Monday 11 December 2017

'Nobody is safe' from savage €5bn Budget as talks resume

MINISTERS warned that nothing is sacrosanct today as they meet for a gruelling session of Budget talks.

The Cabinet reconvened this morning with sources now suggesting that they are targeting savings of €5bn on December 7.

Finance Minister Brian Lenihan has warned his colleagues that there is a major risk of stifling growth if they frontload the cost-cutting measure rather than spreading the pain over the next four years.

Health and education are expected to take the brunt of the hits with Mary Harney having already indicated that her department is facing a €1bn reduction in funding for next year.
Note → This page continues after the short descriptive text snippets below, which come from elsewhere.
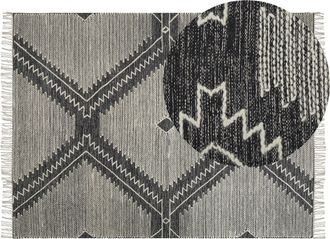 Beliani Alfombra De Algod&oacute;n Negro Blanco Crema 160 X 230 Cm Geom&eacute;trico Borlas Arbaa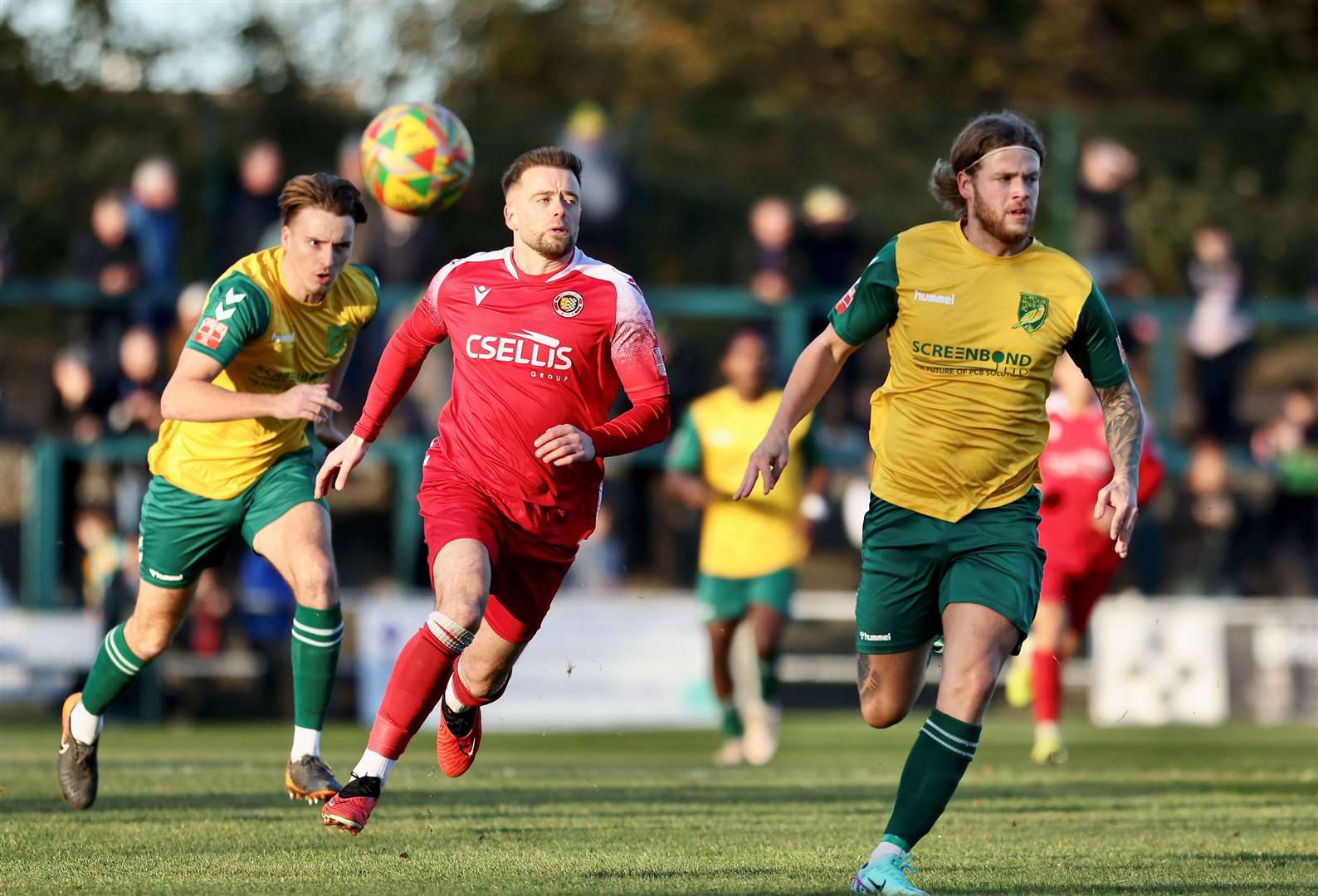 Goalscorer Lee Shaw gives chase.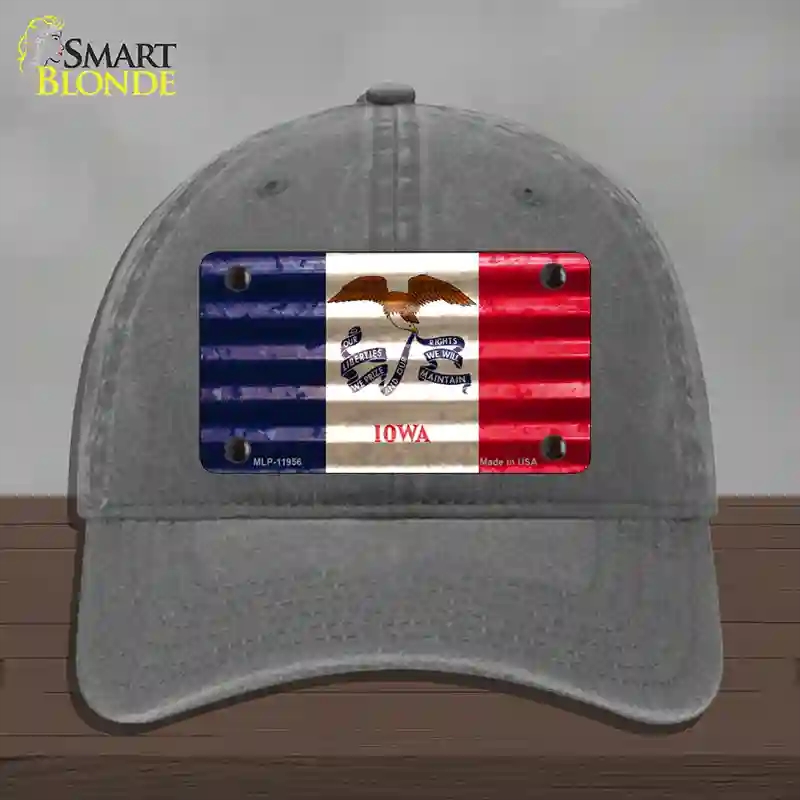 HAT08-MLP-11956 Iowa Corrugated Flag Novelty License Plate Hat, Unconstructed Cotton - Charcoal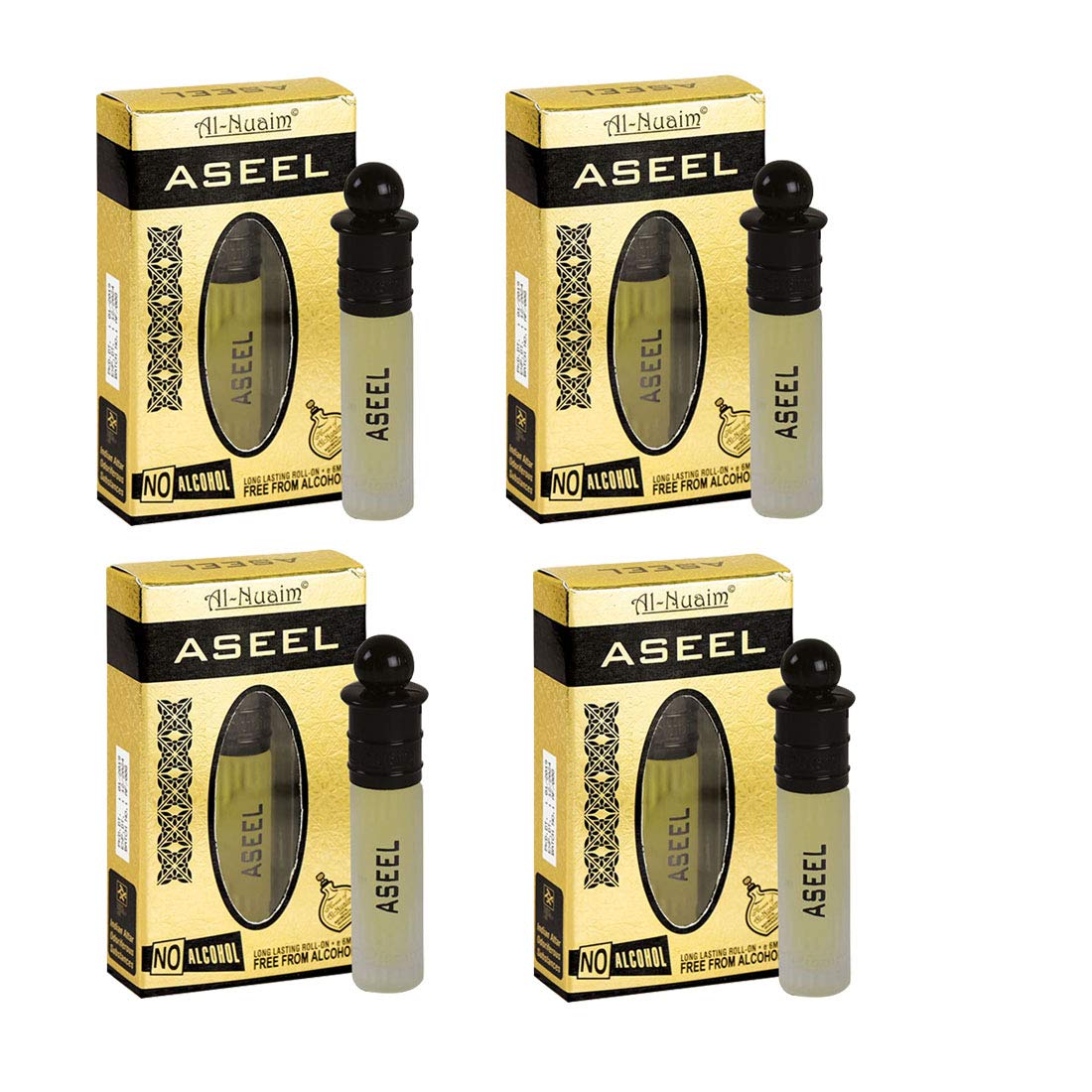 Al-Nauim Unisex Aseel Oil Oriental Attar Pack Of 4 (6 Ml Each)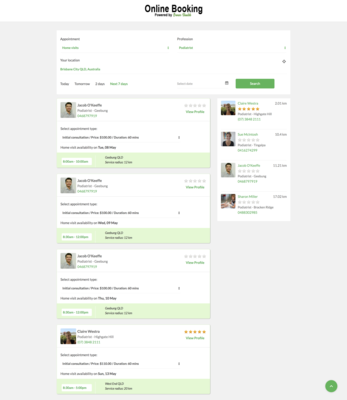 Improved Online Booking Page | Mobile Practitioners Online Bookings | Home-Visit Online Bookings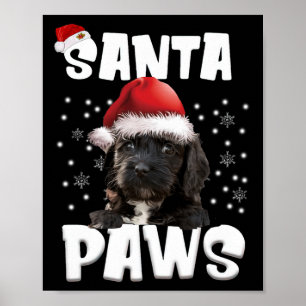 Fun Cockapoo Christmas Lights Tree Dog Lover Xmas  Poster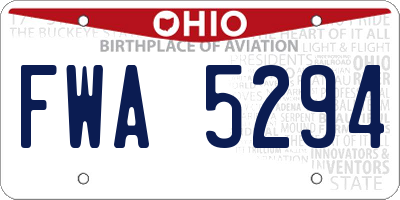 OH license plate FWA5294
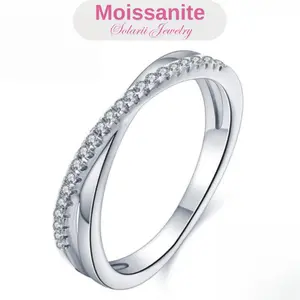 Solarii 925 Sterling Silver Split Shank Round Cut Synthetic Moissanite Women’s Wedding Ring D Color VVS Half Eternity Jewelry Wedding Rings , Perfect for Daily Wear for Women – Look at This, Refresh Your Look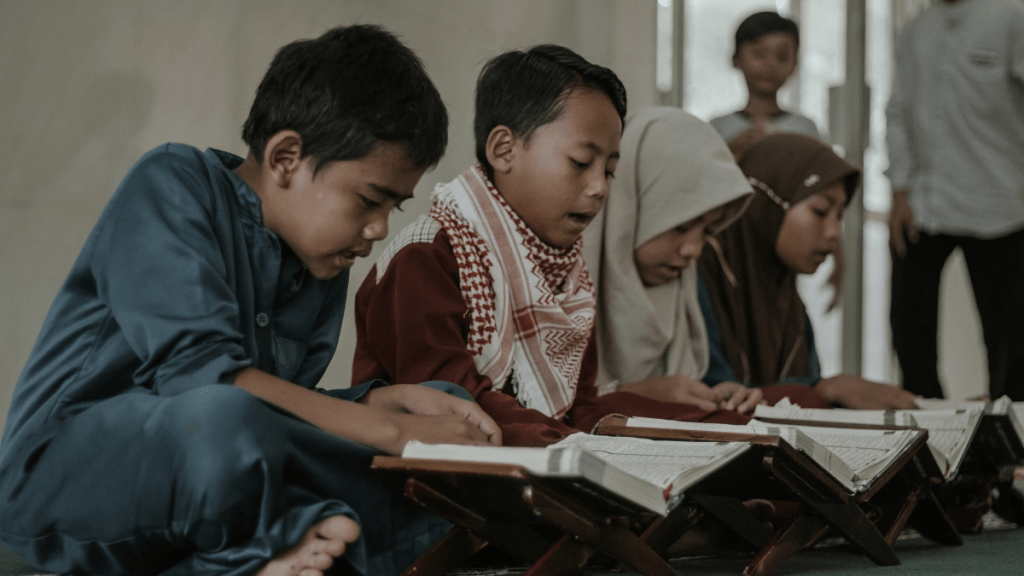 Children reading in Indonesia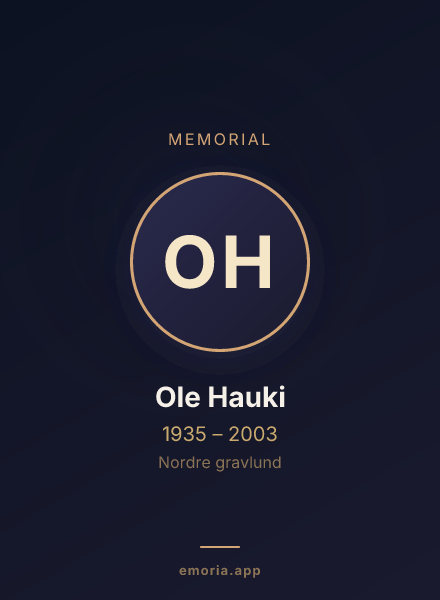 Memorial portrait of Ole Hauki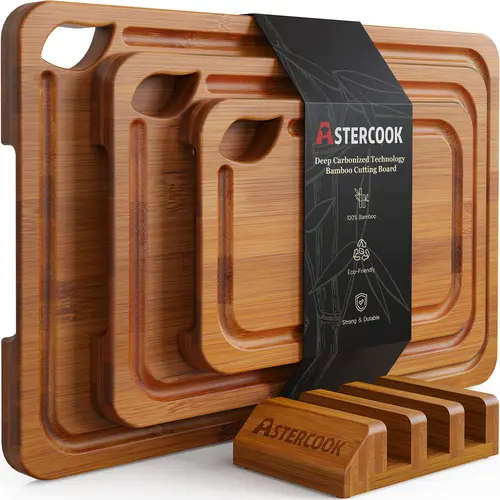 Astercook 4-Piece Eco-Friendly Bamboo Chopping Board Set - Durable Rectangular Different Sizes, Anti-Microbial Composite-Side, Secure Storage Holder, Hand Wash Only, Kitchen Organization, Kitchen Knife-Compatible, Wooden Cutting Boards for Everyday Use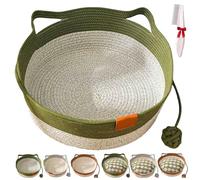 2026 New Basket For Cats,Pets Hand Woven Cotton Bed Basket,With Built-In Scratching Pad And Play Ball,Soft Support Cushion, Lightweight Comfort (B(No cushion), S（Within 8.8lb/4KG）)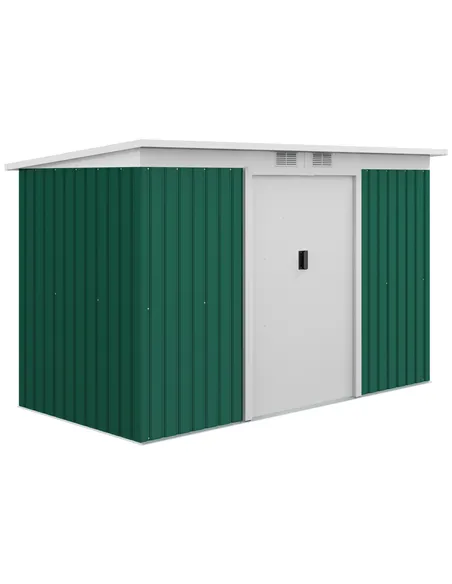 Outsunny 9ft x 4ft Metal Garden Shed, Outdoor Tool House with Foundation Kit, Ventilations and Double Doors, Deep Green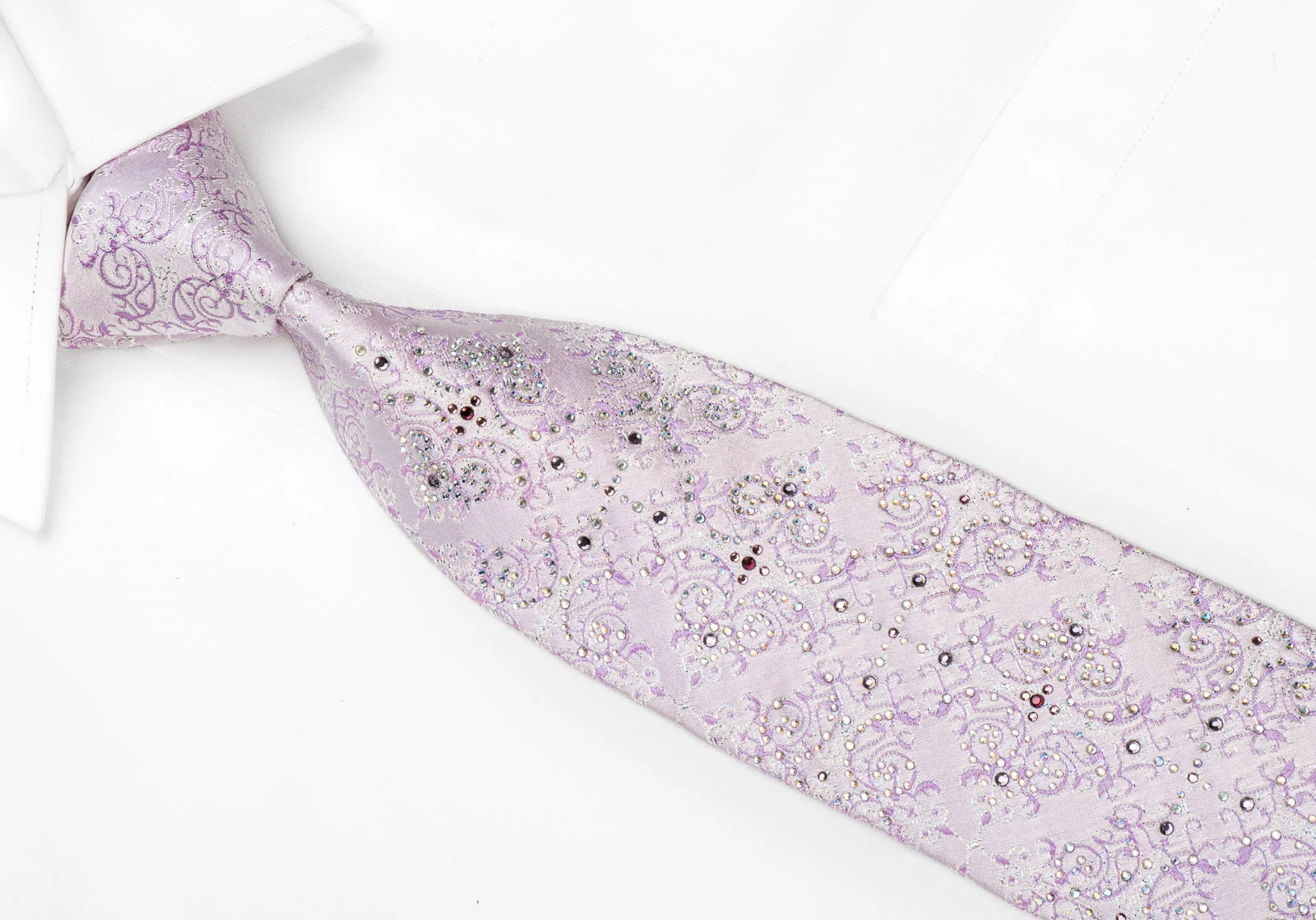 Nicole St Giles Men's Crystal Silk Tie Damask On Pale Violet With Sparkles - Image 3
Before today's meeting, Minister Pat Carey repeated the Government mantra of: "Everything is on the table."

He refused to give any details of the discussions taking place but said that the decisions being taken will be "unpalatable" and "unpopular".

Today's meeting is aimed at setting out an initial template for four harsh budgets.

Department of Finance officials are now understood to be looking at net savings of between €4.5bn and €5bn.

There had been suggestions that the Finance Minister could look to shave as much as €7bn but officials agree with the Economic Social and Research Institute that such a large cut could stagnate recovery and slow growth.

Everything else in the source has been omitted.